É inequívoco que a construção de uma identidade passa pelo conhecimento da própria História, não no sentido de resgatá-la idealisticamente, mas de fazê-la presente como referência cultural. Cerca de 66 milhões de pessoas (44% do total de 150 milhões) fazem do Brasil o segundo maior país de negros ou descendentes de negros do mundo
Perdendo somente para a Nigéria (1991:122.340.000); entretanto, a marca da escravatura e a hegemonia branca obscurecem esta realidade. Esta farsa de olhar e não ver, ou não querer ver, está plenamente estampada no ensino brasileiro. Quem olha para os currículos escolares, do primeiro grau à universidade - salvo raras exceções - não vê a presença negra, senão restrita a algumas lamúrias nas poucas páginas dedicadas à escravatura.
Nos cursos de História os egípcios e mesopotâmios desaparecem pura e simplesmente quando a Europa torna-se hegemônica. A Ásia e a África aparecem e desaparecem não como possuidoras de sua própria historicidade mas como apêndices na História da expansão européia. Passado este capítulo, desaparecem misteriosamente.

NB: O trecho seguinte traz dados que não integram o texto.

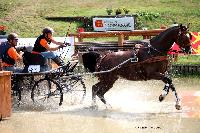 Photo n 42409&#10;CAI Le Pin 2017. Photo Nadine TOUDIC&#10;Ans VAN DE VELDEN RUKERS. NED&#10;Affiche 14 fois&#10;Ajoute le 29/08/2017 16:07:07 par Nadinetoudic&#10;&#10;--> Cliquer pour agrandir <--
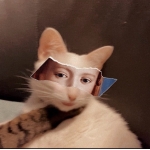 Lowju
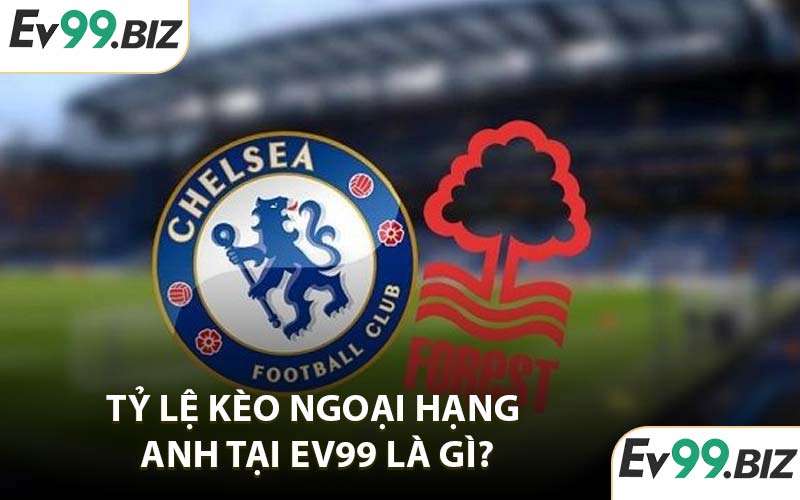 Tỷ lệ kèo Ngoại Hạng Anh tại EV99 là gì?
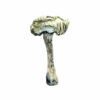 psybin mushrooms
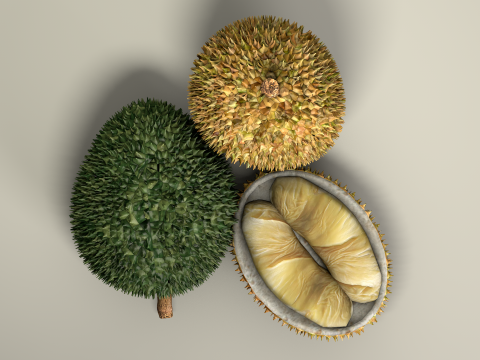 Fruta Durian Exotic 3D Model
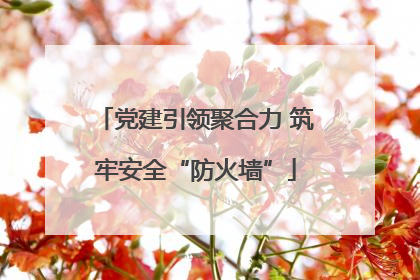 党建引领聚合力 筑牢安全“防火墙”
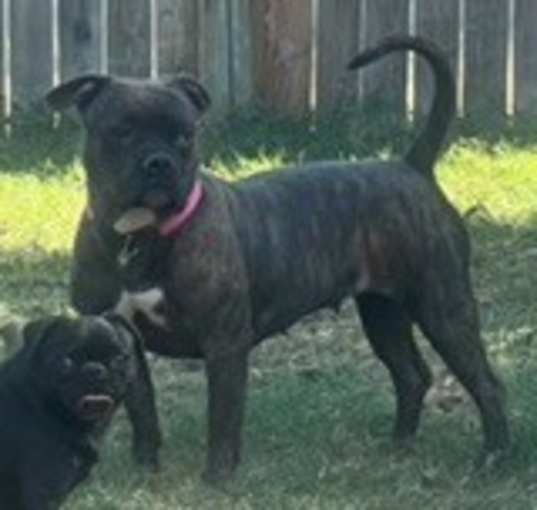 Photo of Beretta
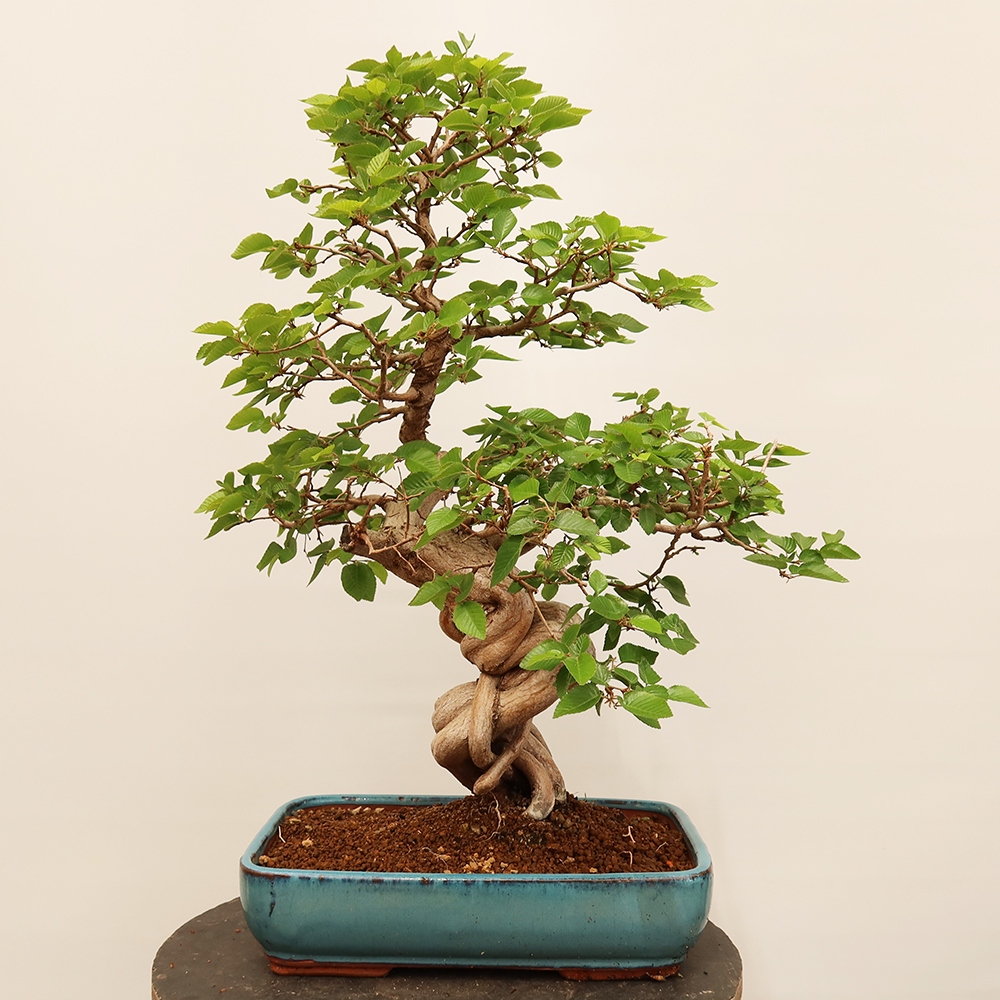 Bonsai da esterno -Carpinus Coreana - Carpino coreano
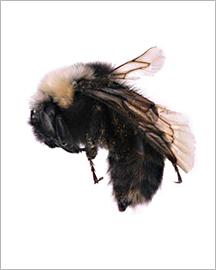 A franklin bumble bee.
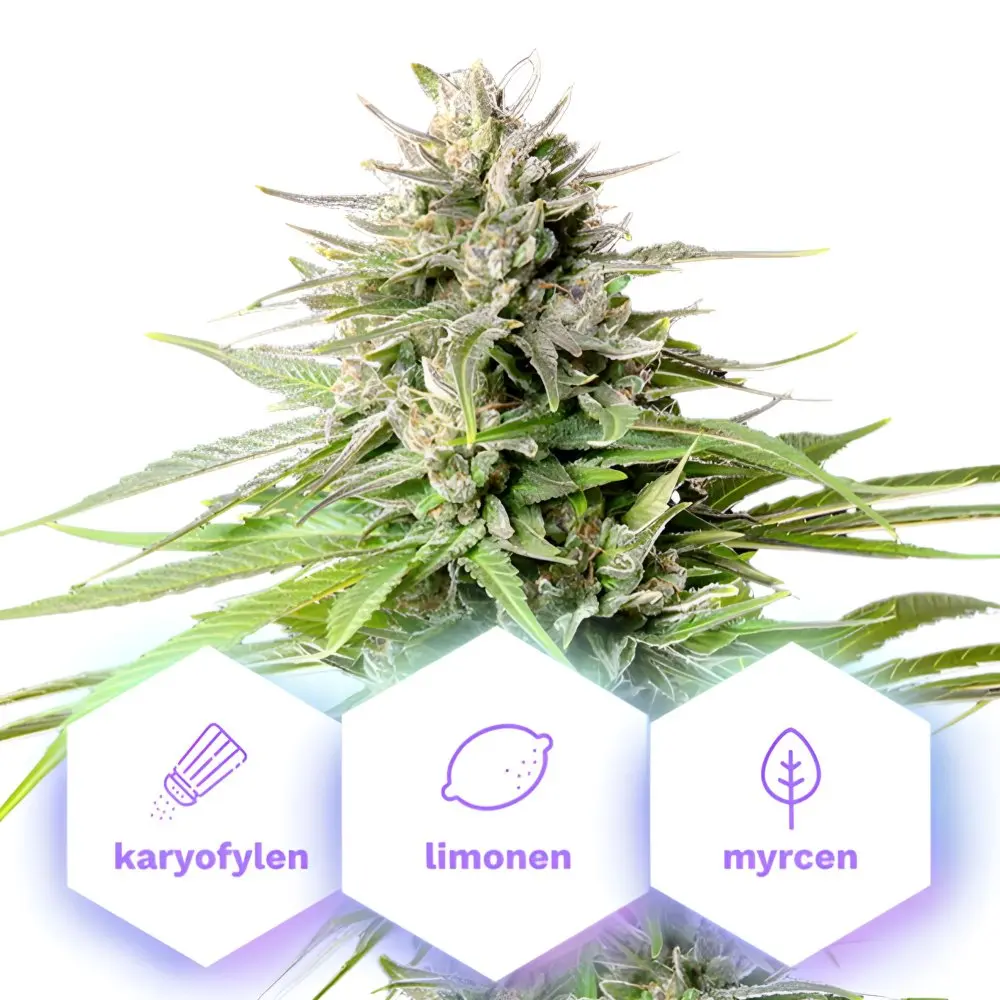 Blue Cheese - feminizovaná semena konopí, 5 ks, Cannapio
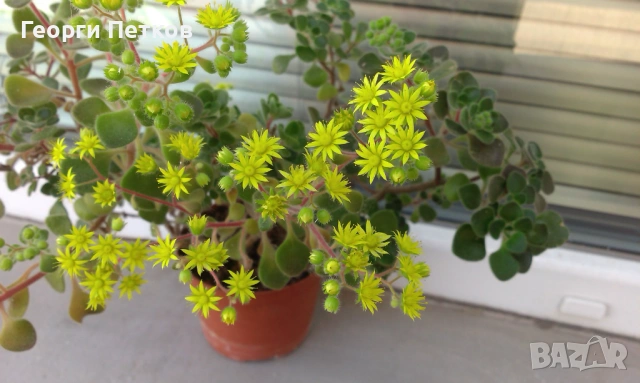 Дърво на Парите (Айхризон)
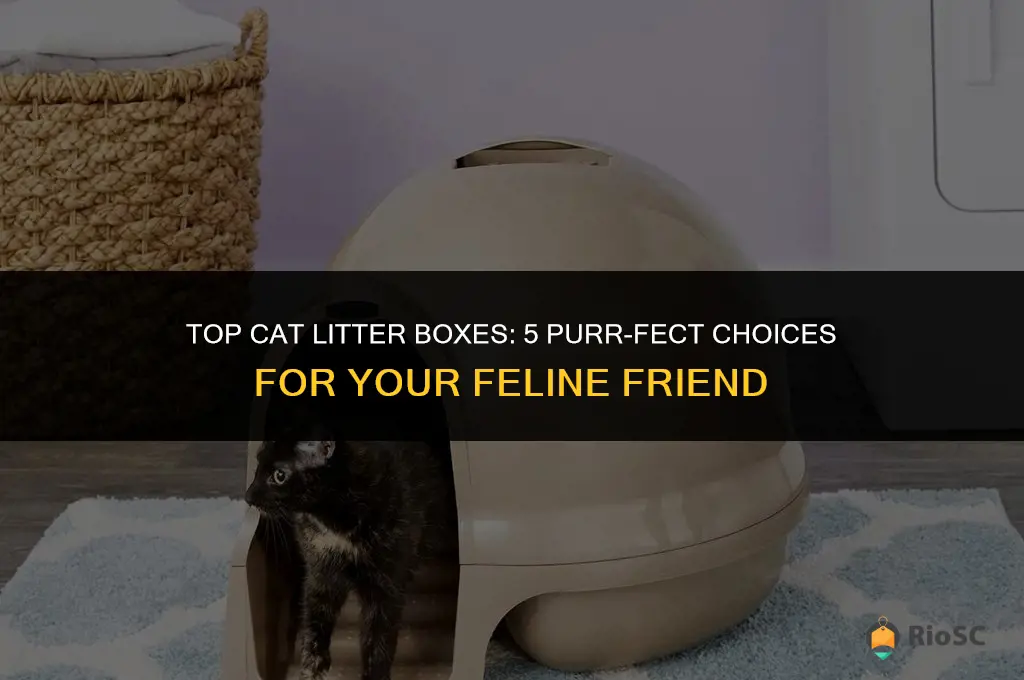 the 5 best cat litter box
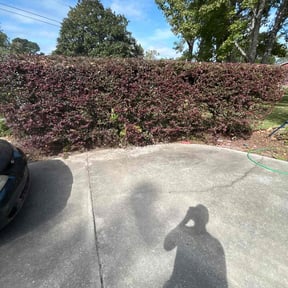 Bush Trimming by GO MOW Lawn care reviewed on August 2, 2025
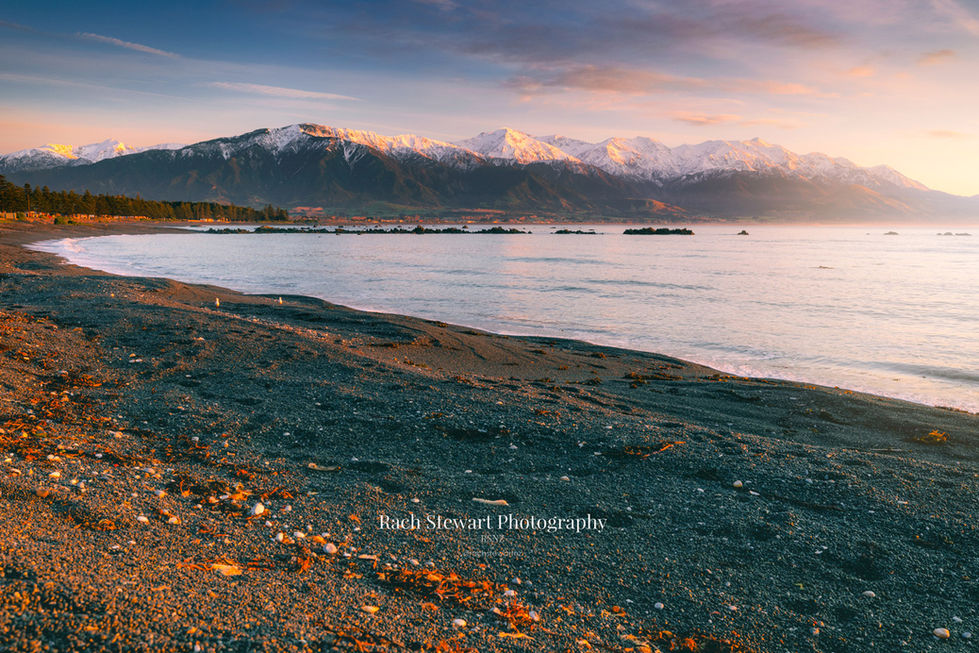 kaikoura beach esplanade sunrise new zealand
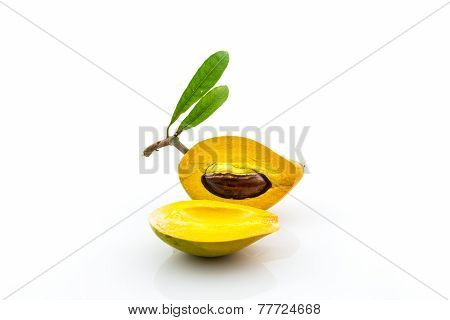 Egg Fruit , Canistel, Yellow Sapote (pouteria Campechiana (kunth) Baehni).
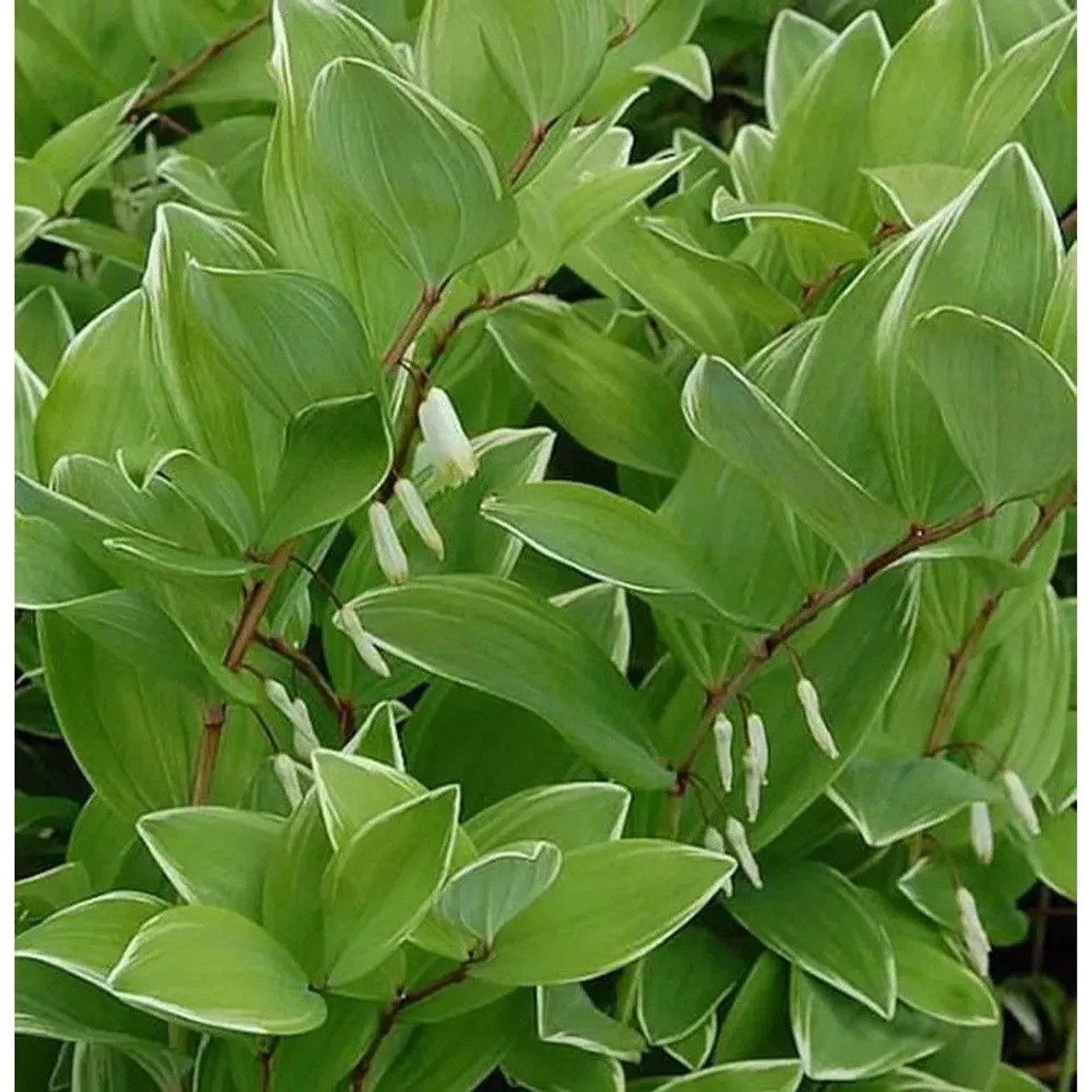 Salomonspiegel Variegatum - Polygonatum falcatum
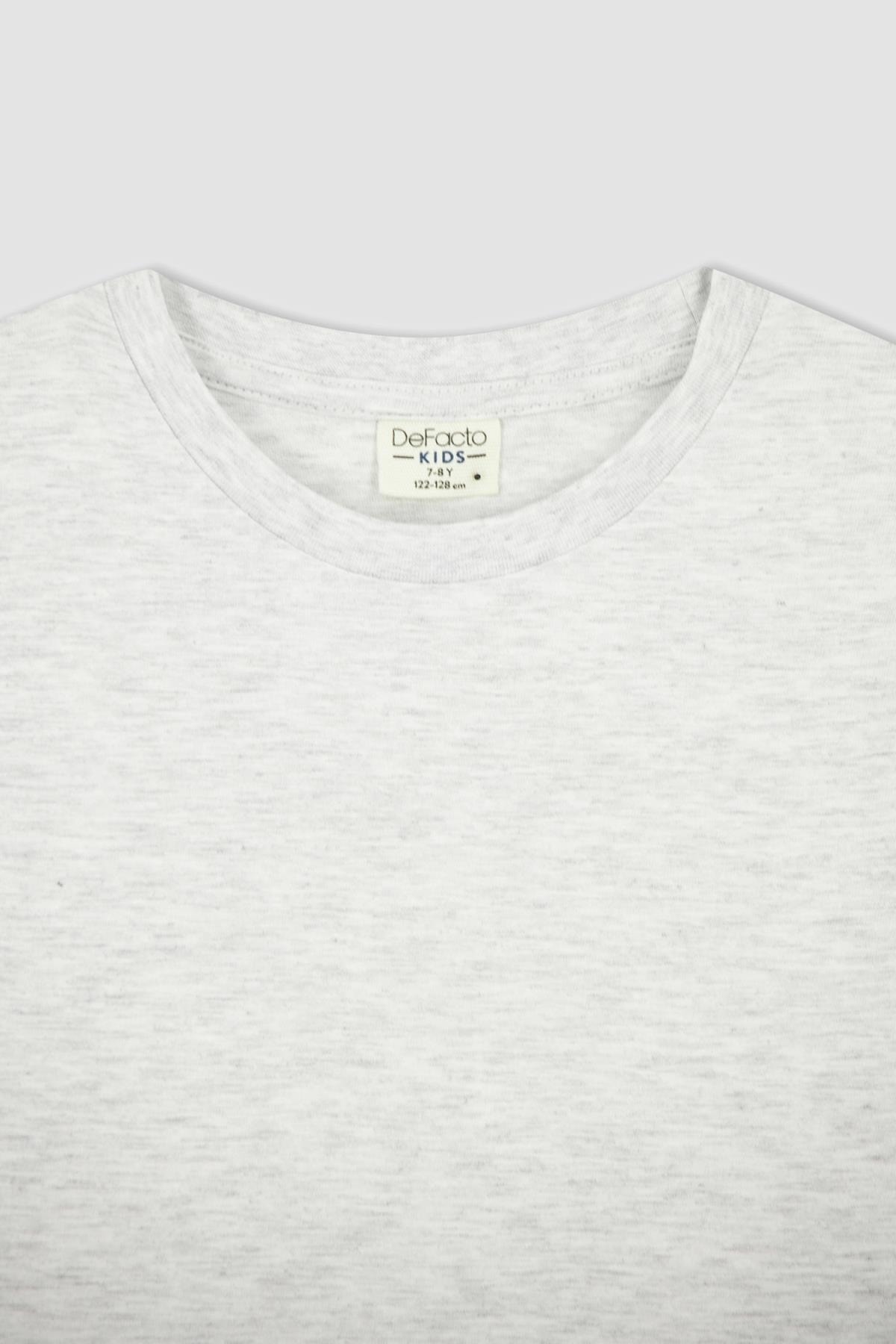 تیشرت پسرانه دفاکتو Defacto اورجینال پسرانه کد کالا K1687A622SP - تصویر 2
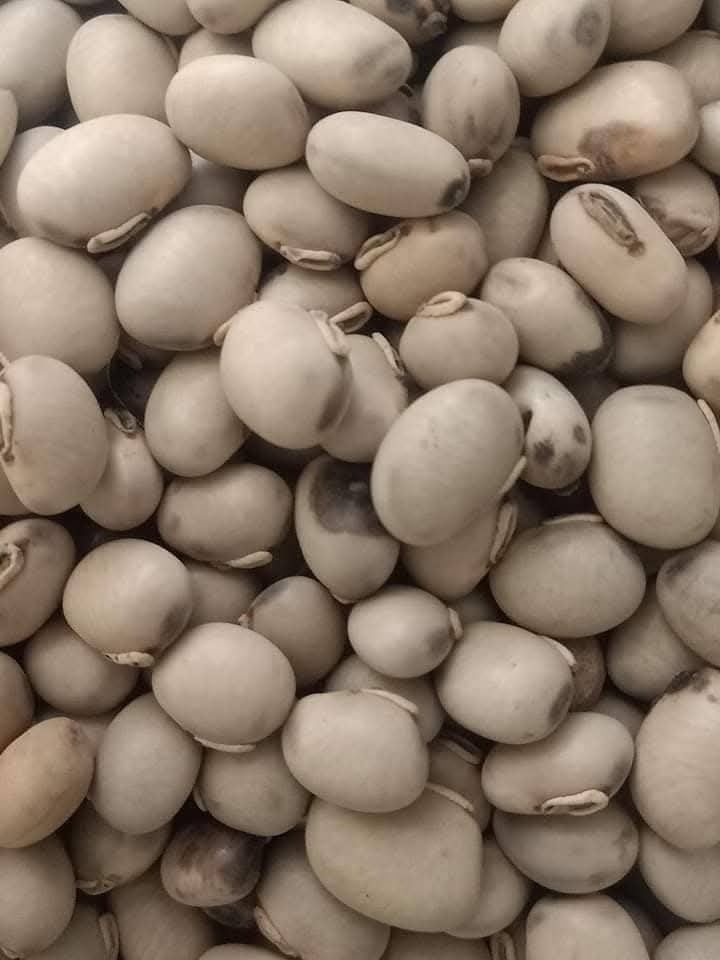 Majoon Muqavi Sultan Course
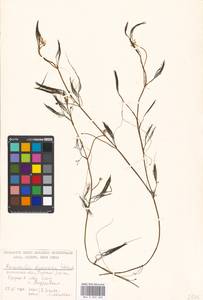 Лютик волосолистный, Шелковник волосолистный Chaix, Восточная Европа, Московская область и Москва (E4a) (Россия)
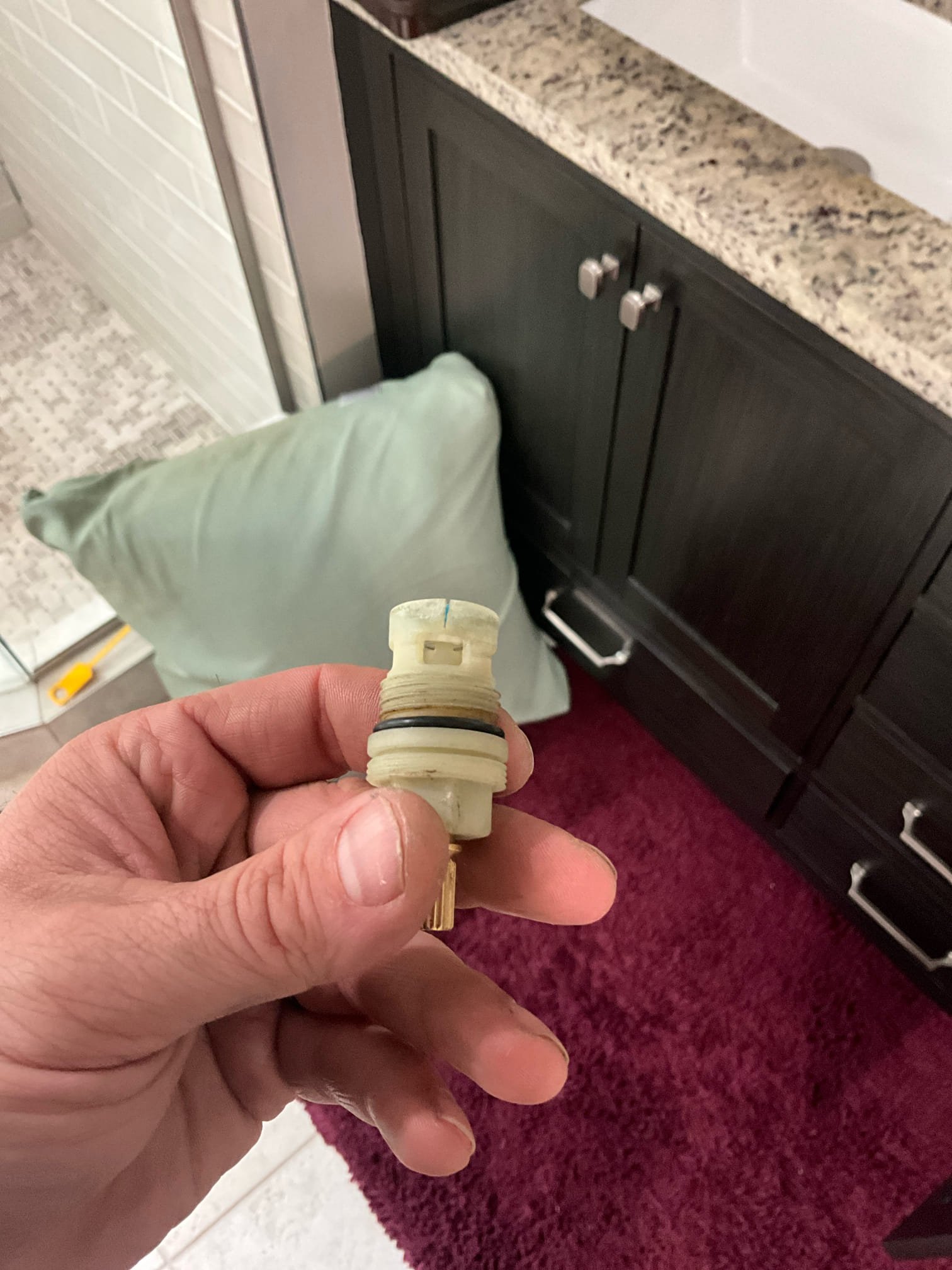 Customer had a toilet that flushes poorly, a tub that drains slowly, and a faucet that drips and doesn’t shut off properly. Will return tomorrow to replace the toilet, both faucets with customer provided faucets, and snake the shower drain.

Returned and installed a new American Standard Champion toilet with two customer supplied faucets and snaked the shower drain. Tested all work to ensure proper function and no leaks. The right hand faucet had a leak on the pop up assembly, neither new faucet had a working pop up, and the hot stem on the right hand faucet was leaking. Corrected the popups and the drain leak. Had customer purchase another faucet and swapped out the hot valve on the right hand sink. Tested work again to ensure proper function and no leaks. None were found.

Fica-nos a impressão de que deixaram de ter História, de existir.
Qualquer brasileiro que tenha passado pelo primeiro grau certamente já ouviu falar da cidade estado grega, do Império Romano, do Sacro Império Romano-Germânico, das potências aliadas;
Alexandre, Nero, dos vários Luízes, Napoleão, Churchil, Roosevelt, Hitler ou Stálin,
mas quem já ouviu falar dos Ashantis, Yorubas, Haussas, Pehuls, Fulas, Bakongos, Makondes, Xhosas, Macuas e Swahílis? E do império do Monomotapa, dos reinos do Daomé, do império Vátua, da Rainha Nzinga, de Mussa Keita, de Sundjata, de Tchaka e Ngungunhana, Amílcar Cabral, Patrice Lumumba, Julius Nyerere ou Samora Machel? Alguém já estudou a respeito? Já ouviu sequer falar?
Por fim cabe lembrar que estes parêntesis em que as culturas africanas estão colocadas, hoje no Brasil, não são casuais. Todos sabemos, desde há muito, que a cultura hegemônica considera-as marginais. Cabe a nós por espírito científico e obrigação de ofício navegar contra esta corrente, trazê-las à superfície não como tábuas salvadoras e restauradoras de um passado perdido, não em busca de um renascimento cultural mas como algo vivo, como expressão de povos dos quais, afinal, também somos descendentes.